What Guardian are doing reminds me of the things you read about freak shows of the bygone age when bearded women, pygmies, conjoined twins and other similar such life’s sundry unfortunates were put on display for the merriment of your Victorian punter. Kids jeering, men shouting and pointing and ladies turning their noses up, lest they get upset by the whiff from behind the cage.
Shabi is one of Guardian’s unfortunate little resident dregs and what they are doing putting her up on display like this tantamounts to her human rights abuse. I thought it was illegal to make money from mentally unhinged persons. Shame on you Guardian.
July 26, 2010 at 2:52 pm
Samson
I take particular offense at the notion that the divide between Ashkenazi and Sephardic Jews is even an issue any longer. The two groups freely intermarry, and my guess is that within a generation or two the distinction will largely be of historical interest. I know many such couples, and yes, their children are just “Jews” (and Israelis, if they live in Israel).

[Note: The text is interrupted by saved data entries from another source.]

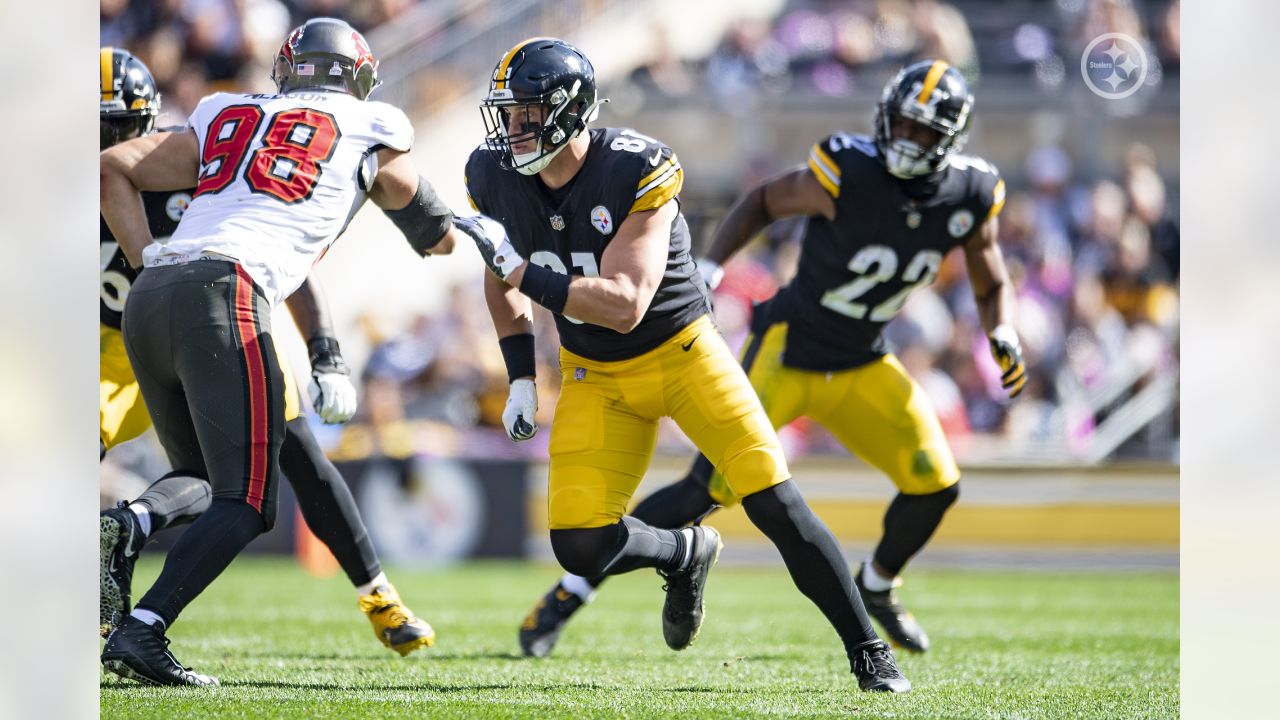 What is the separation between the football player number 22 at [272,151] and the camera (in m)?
4.14

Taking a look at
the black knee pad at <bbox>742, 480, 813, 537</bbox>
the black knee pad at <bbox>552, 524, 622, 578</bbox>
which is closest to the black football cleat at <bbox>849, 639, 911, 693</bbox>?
the black knee pad at <bbox>742, 480, 813, 537</bbox>

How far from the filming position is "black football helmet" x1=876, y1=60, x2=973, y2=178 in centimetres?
521

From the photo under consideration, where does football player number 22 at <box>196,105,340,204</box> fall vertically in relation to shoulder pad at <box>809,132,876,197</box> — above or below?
above

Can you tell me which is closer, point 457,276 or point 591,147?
point 591,147

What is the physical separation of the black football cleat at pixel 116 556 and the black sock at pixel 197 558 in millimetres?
744

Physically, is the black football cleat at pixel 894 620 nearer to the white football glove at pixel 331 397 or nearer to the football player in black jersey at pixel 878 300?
the football player in black jersey at pixel 878 300

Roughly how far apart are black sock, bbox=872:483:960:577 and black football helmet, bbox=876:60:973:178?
1213mm

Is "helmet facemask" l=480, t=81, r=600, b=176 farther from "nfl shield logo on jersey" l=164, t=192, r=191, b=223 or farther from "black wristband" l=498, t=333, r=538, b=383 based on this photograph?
"nfl shield logo on jersey" l=164, t=192, r=191, b=223

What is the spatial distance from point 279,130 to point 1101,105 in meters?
10.7

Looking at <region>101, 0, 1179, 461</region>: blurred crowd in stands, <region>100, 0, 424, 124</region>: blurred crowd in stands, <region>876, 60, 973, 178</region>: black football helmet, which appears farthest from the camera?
<region>100, 0, 424, 124</region>: blurred crowd in stands

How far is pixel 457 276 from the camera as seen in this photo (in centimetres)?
1233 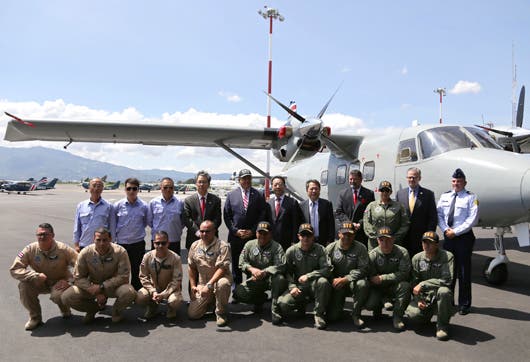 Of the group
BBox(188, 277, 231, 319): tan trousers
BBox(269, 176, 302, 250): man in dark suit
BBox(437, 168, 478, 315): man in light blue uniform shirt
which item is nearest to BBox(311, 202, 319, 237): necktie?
BBox(269, 176, 302, 250): man in dark suit

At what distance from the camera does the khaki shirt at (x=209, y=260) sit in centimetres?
517

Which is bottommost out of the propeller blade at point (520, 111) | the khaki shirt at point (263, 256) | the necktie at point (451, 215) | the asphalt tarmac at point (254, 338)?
the asphalt tarmac at point (254, 338)

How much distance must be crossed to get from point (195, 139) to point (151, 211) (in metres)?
6.88

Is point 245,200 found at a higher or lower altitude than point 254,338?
higher

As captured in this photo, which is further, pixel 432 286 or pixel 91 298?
pixel 91 298

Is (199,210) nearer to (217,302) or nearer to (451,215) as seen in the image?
(217,302)

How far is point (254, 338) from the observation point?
435 cm

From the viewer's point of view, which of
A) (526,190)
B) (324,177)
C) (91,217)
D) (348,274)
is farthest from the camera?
(324,177)

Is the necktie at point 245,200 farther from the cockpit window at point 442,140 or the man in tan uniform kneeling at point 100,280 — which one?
the cockpit window at point 442,140

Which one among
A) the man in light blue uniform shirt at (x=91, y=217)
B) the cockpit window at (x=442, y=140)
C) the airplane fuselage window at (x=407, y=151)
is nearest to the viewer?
the man in light blue uniform shirt at (x=91, y=217)

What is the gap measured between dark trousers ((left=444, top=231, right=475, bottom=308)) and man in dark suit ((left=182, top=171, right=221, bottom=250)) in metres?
3.49

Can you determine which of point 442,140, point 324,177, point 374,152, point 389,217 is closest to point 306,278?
point 389,217

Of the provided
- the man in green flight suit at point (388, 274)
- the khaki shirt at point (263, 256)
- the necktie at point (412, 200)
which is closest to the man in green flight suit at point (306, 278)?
the khaki shirt at point (263, 256)

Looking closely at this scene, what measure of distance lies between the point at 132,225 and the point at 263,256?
2.05 m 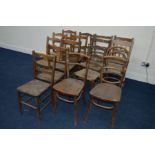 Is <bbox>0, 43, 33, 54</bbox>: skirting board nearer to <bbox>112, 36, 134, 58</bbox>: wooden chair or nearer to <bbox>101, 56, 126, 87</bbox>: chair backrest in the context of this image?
<bbox>112, 36, 134, 58</bbox>: wooden chair

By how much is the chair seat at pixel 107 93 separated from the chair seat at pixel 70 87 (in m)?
0.20

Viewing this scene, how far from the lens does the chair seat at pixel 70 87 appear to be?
2109 mm

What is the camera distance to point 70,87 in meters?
2.21

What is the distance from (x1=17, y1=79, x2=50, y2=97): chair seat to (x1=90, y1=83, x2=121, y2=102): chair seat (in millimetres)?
671

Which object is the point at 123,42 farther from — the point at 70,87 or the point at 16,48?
the point at 16,48

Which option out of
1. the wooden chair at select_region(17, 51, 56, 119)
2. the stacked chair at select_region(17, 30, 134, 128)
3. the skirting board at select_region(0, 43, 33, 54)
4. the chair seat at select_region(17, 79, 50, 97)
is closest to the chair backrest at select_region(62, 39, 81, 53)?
the stacked chair at select_region(17, 30, 134, 128)

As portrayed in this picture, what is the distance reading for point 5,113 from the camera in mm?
2350

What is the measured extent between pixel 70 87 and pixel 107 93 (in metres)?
0.51

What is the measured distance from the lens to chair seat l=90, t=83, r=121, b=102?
202cm

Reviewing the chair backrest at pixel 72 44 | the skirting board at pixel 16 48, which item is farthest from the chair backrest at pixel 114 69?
the skirting board at pixel 16 48

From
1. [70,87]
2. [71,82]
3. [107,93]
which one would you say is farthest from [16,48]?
[107,93]

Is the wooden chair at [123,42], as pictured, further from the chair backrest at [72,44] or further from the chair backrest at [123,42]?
the chair backrest at [72,44]

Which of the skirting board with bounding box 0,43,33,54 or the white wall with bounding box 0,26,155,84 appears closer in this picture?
the white wall with bounding box 0,26,155,84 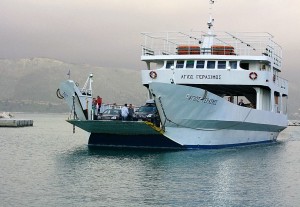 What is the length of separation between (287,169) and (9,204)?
15.9 metres

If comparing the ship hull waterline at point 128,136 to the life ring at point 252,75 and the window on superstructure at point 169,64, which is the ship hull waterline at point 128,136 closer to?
the life ring at point 252,75

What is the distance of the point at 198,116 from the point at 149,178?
9.57 meters

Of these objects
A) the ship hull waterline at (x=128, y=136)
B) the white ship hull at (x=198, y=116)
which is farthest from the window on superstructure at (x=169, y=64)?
the ship hull waterline at (x=128, y=136)

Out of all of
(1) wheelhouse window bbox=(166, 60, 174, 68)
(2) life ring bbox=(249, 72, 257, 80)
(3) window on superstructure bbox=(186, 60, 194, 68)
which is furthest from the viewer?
(1) wheelhouse window bbox=(166, 60, 174, 68)

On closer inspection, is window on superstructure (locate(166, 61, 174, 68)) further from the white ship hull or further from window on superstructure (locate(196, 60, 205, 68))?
the white ship hull

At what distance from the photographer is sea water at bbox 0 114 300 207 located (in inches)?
808

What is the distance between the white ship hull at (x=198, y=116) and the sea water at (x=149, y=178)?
2.88 feet

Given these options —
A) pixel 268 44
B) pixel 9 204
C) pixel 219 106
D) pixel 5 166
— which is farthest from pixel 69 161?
pixel 268 44

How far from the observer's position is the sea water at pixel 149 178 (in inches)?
808

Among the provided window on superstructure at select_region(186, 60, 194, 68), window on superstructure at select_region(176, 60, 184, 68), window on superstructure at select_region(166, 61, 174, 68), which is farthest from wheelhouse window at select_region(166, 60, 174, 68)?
window on superstructure at select_region(186, 60, 194, 68)

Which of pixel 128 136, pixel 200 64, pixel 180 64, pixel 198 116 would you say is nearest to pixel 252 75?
pixel 200 64

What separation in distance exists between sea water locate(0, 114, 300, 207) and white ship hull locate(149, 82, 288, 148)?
0.88 m

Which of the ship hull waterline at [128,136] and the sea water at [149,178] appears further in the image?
the ship hull waterline at [128,136]

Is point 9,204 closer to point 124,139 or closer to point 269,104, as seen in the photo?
point 124,139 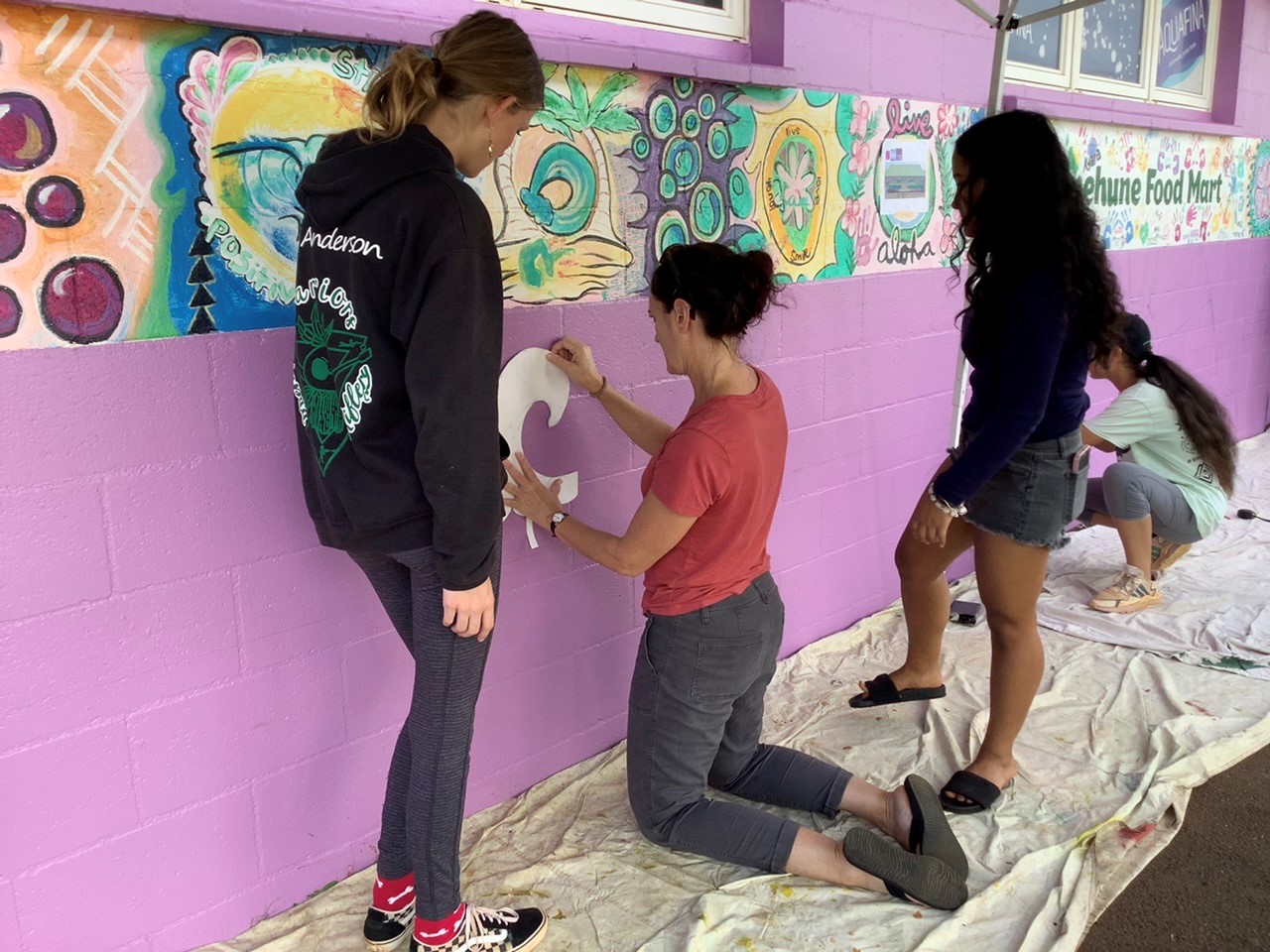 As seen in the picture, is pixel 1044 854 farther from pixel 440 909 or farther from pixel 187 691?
pixel 187 691

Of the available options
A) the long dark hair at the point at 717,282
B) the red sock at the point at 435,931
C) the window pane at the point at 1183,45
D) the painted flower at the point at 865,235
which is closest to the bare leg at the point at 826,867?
the red sock at the point at 435,931

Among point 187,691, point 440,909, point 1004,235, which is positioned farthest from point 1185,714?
point 187,691

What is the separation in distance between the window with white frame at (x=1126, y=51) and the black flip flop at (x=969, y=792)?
2.68 metres

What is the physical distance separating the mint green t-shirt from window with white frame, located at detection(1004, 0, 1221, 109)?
133cm

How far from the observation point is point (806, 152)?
2.68 m

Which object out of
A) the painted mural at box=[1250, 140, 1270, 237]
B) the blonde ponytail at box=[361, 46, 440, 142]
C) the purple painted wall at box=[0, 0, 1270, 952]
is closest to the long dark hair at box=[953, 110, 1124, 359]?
the purple painted wall at box=[0, 0, 1270, 952]

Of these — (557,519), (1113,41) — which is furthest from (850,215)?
(1113,41)

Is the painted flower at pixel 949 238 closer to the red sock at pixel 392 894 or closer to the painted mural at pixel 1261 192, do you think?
the red sock at pixel 392 894

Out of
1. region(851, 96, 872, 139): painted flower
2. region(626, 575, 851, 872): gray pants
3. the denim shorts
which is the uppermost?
region(851, 96, 872, 139): painted flower

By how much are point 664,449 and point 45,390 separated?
1.04 meters

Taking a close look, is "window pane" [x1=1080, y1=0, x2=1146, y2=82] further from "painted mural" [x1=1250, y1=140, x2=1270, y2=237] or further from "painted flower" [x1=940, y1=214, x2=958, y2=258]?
"painted flower" [x1=940, y1=214, x2=958, y2=258]

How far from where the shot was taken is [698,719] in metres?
1.93

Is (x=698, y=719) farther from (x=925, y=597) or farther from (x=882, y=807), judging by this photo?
(x=925, y=597)

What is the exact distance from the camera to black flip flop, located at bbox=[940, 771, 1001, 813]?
221 cm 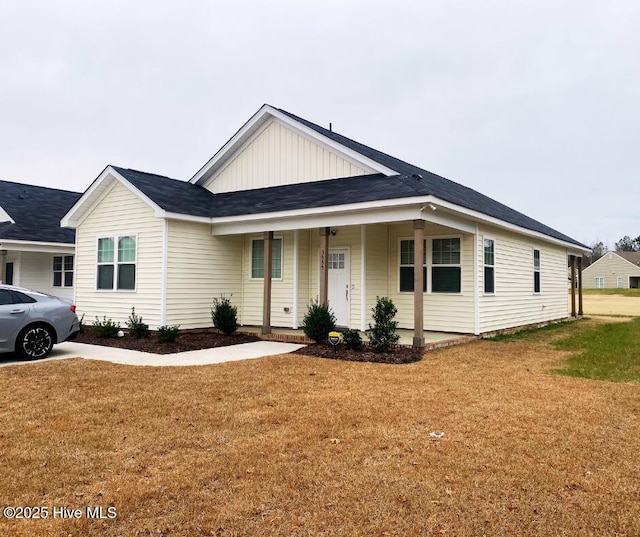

This trend may take longer in the US among the ultra-orthodox who tend to marry only within their local community. In any case, there really is only one Jewish people, and I prefer to be inclusive about it.
July 26, 2010 at 3:18 pm
SilverTrees
Rural I agree with you. There are TV programmes now, euphemistically called “Unusual People” or such like, which have the same flavour and parade people’s disfigurements. Myself, I think it’s disgusting because the programme makers seem to get off on it.
The Guardian and CiF depend for their continued existence on mentally unhinged contributors both above and below the line. How else can you explain their continued blindness to the bl****ng obvious?
Samson, everything on CiF is emotion-led and any association with honesty and ethical reporting which requires emotion to be balanced by reason is purely coincidental. The scapegoat is Israel and the Groan and CiF would sell their grandmothers to do down Israel and Jews.
This nastiness goes beyond the usual ultra-Left wrong-headed lunacy and persists in the same way as Islamist horror stories about Jews persist in Arab countries in spite of the bare faced obviousness of the truths which contradict them. People have said here before that the only thing that stands between the Guardian and bankruptcy is probably Islamist funding. I think they may have a point.
July 27, 2010 at 2:39 am
benorr
Whether there is Islamist funding for The Guardian,we have no actual proof of such funding.
Seeing as the Guardian does such a good job daily smearing Israel in one way or another.I wouldn’t be surprised at all if dirty money was being thrown at them.
July 28, 2010 at 10:09 am
bataween
Excellent demolition job by Israelinurse. I agree with those who suspect there is something personal driving the Shabi family’s animosity towards Israel, though it is impossible to know what.
She rather reminds me of Avi Shlaim, also born of Iraqi parents, who has long held a grudge against Israel for his family’s exodus from Iraq- instead of placing the blame squarely where it belongs, on Iraqi persecution and antisemitism.
http://jewishrefugees.blogspot.com/2007/10/inside-mind-of-avi-shlaim-update.html
It is appalling that these unrepresentative people with personal axes to grind get to poison the minds of others.